In light of recent events, there’s perhaps no topic more relevant than freedom of expression within the arts, and the question of exactly how far one can, or should, go in the name of art is on everyone’s lips. Is it still art when it offends? When it ridicules? When it violates? These are all questions facing the audience of WALKING THE TIGHTROPE – THE TENSION BETWEEN ART AND POLITICS.
This production is a collaboration of Offstage Theatre’s fascination with brave storytelling and Theatre Uncut’s desire to incite political conversations. The evening comprises twelve short plays penned by tour-de-force playwrights such as Mark Ravenhill, Caryl Churchill, April de Angelis and Neil LaBute, rounding off with a post-show panel discussion.

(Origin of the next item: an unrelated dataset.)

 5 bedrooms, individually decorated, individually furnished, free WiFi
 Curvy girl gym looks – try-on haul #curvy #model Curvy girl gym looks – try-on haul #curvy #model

It’s a great project and the director-curator, Cressida Brown, should be delighted with what she’s achieved. Getting these playwrights, all huge names in the industry, involved in something like this and having their work co-exist in this way is remarkable. The pieces themselves are all excellently written and played to their full potential by an intrepid cast. Covering subjects from apartheid-era exclusion to the boycott of the infamous Exhibit B installation at the Barbican, to censorship and issues surrounding arts funding, the plays strongly demonstrate the power that one stimulus can have to generate a range of ideas and opinions.
With productions like this, there will always be some works that strike home with the viewer more than others. My particular favourites in this case are RE:EXHIBIT by Gbolahan Obisesan, FAUST FOR KIDS by Hattie Naylor and PLEASE FORGIVE US WHOEVER YOU ARE by Ryan Craig. The latter, a dynamic monologue delivered solely by the very versatile Stephen Fewell is especially effective. The performances of Naomi Ackie and Melissa Woodbridge throughout also deserve high commendation, but they are particularly brilliant as the conflicting actor and producer in RE:EXHIBIT.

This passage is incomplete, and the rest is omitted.